Sistem Propulsi Pertama disebut TANTRA, kata bentukannya adalah TANTRIKA. Sistem Propulsi ini bekerja dengan memanfaatkan sifat-sifat dan prinsip-prinsip dasar elemen dan kemudian menggabungkan beberapa elemen yg berbeda. Semua teknologi TANTRA atau TANTRIKA disebutkan dalam Kisah Mahabharata dalam Kitab Bhagavad Gita. Istana Prabhu Yudhistrira sendiri dibangun menggunakan sistem propulsi TANTRA dengan menggunakan kombinasi logam campuran, kristal dan permata jenis tertentu untuk membuat efek ilutif. Perlu diketahui bahwa manusia pada peradaban masa lalu telah mampu memanfaatkan energi kristal sebagai penetralisir radiasi, meramu obat dengan mencampur air raksa dan logam tertentu, membuat pembangkit listrik dengan menggabungkan granit dan air, serta mengeskstrak cahaya matahari sebagai disinfektan dan penghasil emas. Dan semuanya itu dilakukan hanya dengan memanfaatkan Sistem Propulsi TANTRA. Jadi yang perlu dipahami disini adalah bahwa TANTRA merupakan teknik pemanfaatan energi-energi yang terkandung dalam setiap elemen yang ada di alam semesta dan kemudian menggabungkannya satu sama lain. Namun, karena energi elemen alam yg diekstrak dalam sistem propulsi TANTRA bersifat sublim (sangat-sangat halus), maka banyak orang yang menganggap TANTRA sebagai praktik mistik dan berbau klenik. Terlebih ketika sistem propulsi TANTRA atau TANTRIKA kerapkali digunakan dalam tata letak rumah yang dikenal sebaagi Vastu Sastra dalam Kitab Veda dan dikemudian diturunkan menjadi Hong Shui dalam tradisi Jawa, Feng Shui dalam tradisi Cina, dan Asta Kosali dalam tradisi Bali, padahal itu semua hanyalah penerapan dari sebuah Teknik TANTRA atau TANTRIKA yang alami yang dilestarikan dan diwariskan secara turun temurun.

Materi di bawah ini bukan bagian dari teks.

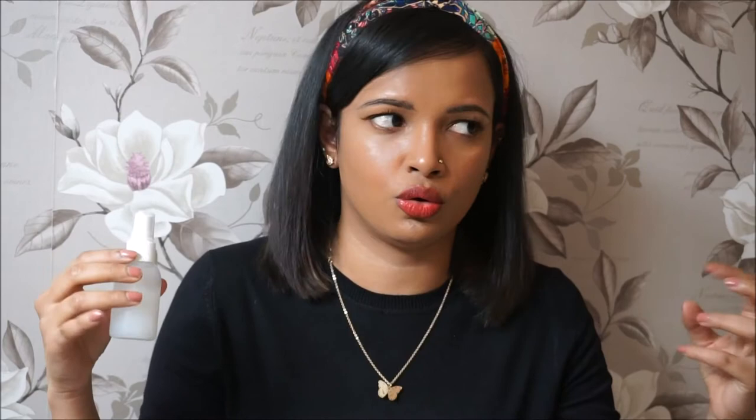The sixth use of rice water is as a hair rinse. After you finish your shampoo and conditioner, use rice water as your final rinse, then towel dry your hair. This will really help your hair grow longer and thicker and remove any kind of flare-up on your scalp as well.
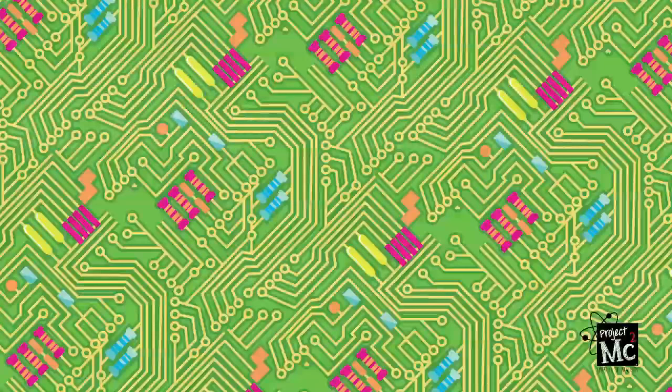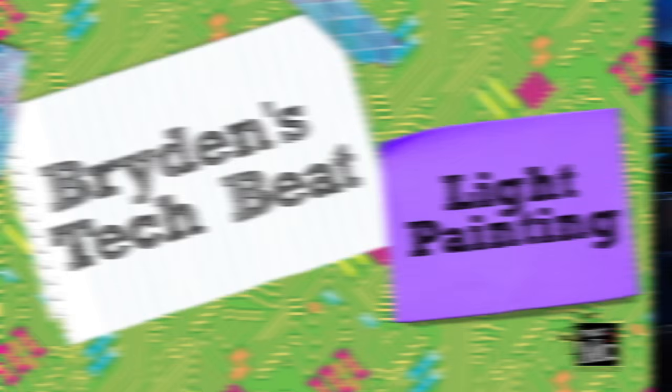Project MC Squares! Lights, camera, action! Hello, I said lights. Totes better. Brydon VanWeth here with another episode of Brydon's Tech Feet. Helping me out in the lab today is Adrienne Adams. Hola chicas!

Sistem Propulsi Kedua disebut MANTRA, kata bentukannya adalah MANTRIKA. Sistem propulsi ini bekerja dengan memanfaatkan elemen materi halus “manah” (elemen pikiran sadar) dan “sabda” (elemen gelombang suara). Alat transportasi yang bekerja dengan sistem propulsi MANTRA atau MANTRIKA tidak memerlukan keberadaan mesin mekanik seperti yang kita gunakan saat ini. Kendaraan tersebut cukup dikendalikan dengan frekuensi atau vibrasi suara yang tepat. Dengan teknik MANTRA atau MANTRIKA ini, bahkan seseorang akan mampu memanipulasi elemen “manah” atau pikiran sadarnya sendiri menjadi alat transportasi dengan kecepatan paling tinggi di alam semesta melebihi kecepatan elemen cahaya. Sementara dengan elemen “sabda” (gelombang suara), bahkan elemen air pun dapat diubah menjadi energi nuklir.

Sistem Propulsi Ketiga disebut YANTRA, kata bentukannya adalah YANTRIKA. Secara lazim, YANTRA berarti “mesin”. Dalam bentuk halusnya, “mesin” YANTRA atau YANTRIKA adalah gabungan diagram yang dibuat untuk menarik energi elemen tertentu di alam semesta. Ia mirip seperti Kotak Feng Shui yg mampu melacak keberadaan Vampir, atau Rajah Kaligrafi yg mampu menarik energi khodam huruf-huruf hijaiyah. Contoh nyata implementasi dari “mesin” YANTRA atau YANTRIKA yang kita kenal saat ini adalah UFO atau pesawat-pesawat luar angkasa yang biasanya meninggalkan jejak CROP CIRCLE dengan pola diagram geometris tertentu di sebuah ladang gandum atau ladang sawah. CROP CIRCLE sendiri terbentuk sebagai efek gelombang energi yang dihasilkan oleh “mesin” YANTRA dari pesawat luar angkasa tersebut. Hanya kendaraan yg berbasis sistem propulsi YANTRA saja yang biasanya meninggalkan jejak CROP CIRCLE, sementara kendaraan lainnya yang lebih canggih dan berbasis sistem propulsi MANTRA dan TANTRA justru nyaris tidak meninggalkan jejak apapun.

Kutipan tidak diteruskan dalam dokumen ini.